Chalmers Johnson on the Cost of EmpirePosted on May 15, 2009 By Chalmers Johnson
In her foreword to “The Bases of Empire: The Global Struggle Against U.S. Military Posts,” an important collection of articles on United States militarism and imperialism, edited by Catherine Lutz,
the prominent feminist writer Cynthia Enloe notes one of our most abject failures as a government and a democracy: “There is virtually no news coverage—no journalists’ or editors’ curiosity—about the pressures or lures at work when the U.S. government seeks to persuade officials of Romania, Aruba or Ecuador that providing U.S. military-basing access would be good for their countries.” The American public, if not the residents of the territories in question, is almost totally innocent of the huge costs involved, the crimes committed by our soldiers against women and children in the occupied territories, the environmental pollution, and the deep and abiding suspicions generated among people forced to live close to thousands of heavily armed, culturally myopic and dangerously indoctrinated American soldiers.
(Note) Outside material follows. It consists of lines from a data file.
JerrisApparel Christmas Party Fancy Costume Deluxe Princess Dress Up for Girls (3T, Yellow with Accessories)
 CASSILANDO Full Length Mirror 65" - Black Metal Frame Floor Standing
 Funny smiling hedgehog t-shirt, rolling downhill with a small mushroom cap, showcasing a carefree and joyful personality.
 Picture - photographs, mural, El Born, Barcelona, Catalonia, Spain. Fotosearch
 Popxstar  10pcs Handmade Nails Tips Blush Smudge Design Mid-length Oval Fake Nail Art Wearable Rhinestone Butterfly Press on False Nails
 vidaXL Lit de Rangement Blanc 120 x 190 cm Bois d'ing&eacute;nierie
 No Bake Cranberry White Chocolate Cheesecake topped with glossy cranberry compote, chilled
This book is an antidote to such parochialism.Catherine Lutz is an anthropologist at Brown University and the author of an ethnography of an American city that is indubitably part of the American military complex: Fayetteville, N.C., adjacent to Fort Bragg, home of the John F. Kennedy Special Warfare School (see “Homefront, A Military City and the American Twentieth Century,” Beacon Press, 2002). On the opening page of her introduction to the current volume, Lutz makes a real contribution to the study of the American empire of bases. She writes,
“Officially, over 190,000 troops and 115,000 civilian employees are massed in 909 military facilities in 46 countries and territories” She cites as her source the Department of Defense’s Base Structure Report for fiscal year 2007. This is the Defense Department’s annual inventory of real estate that it owns or leases in the United States and in foreign countries. Oddly, however, the total of 909 foreign bases does not appear in the 2007 BSR. Instead, it gives the numbers of 823 bases located in other people’s countries and 86 sites located in U.S. territories. So Lutz has combined the foreign and territorial bases—which include American Samoa, the District of Columbia, Guam, Johnston Atoll, the Northern Marianas Islands, Puerto Rico, the Virgin Islands,and Wake Island. Guam is host to at least 30 military sites and Puerto Rico to 41 bases.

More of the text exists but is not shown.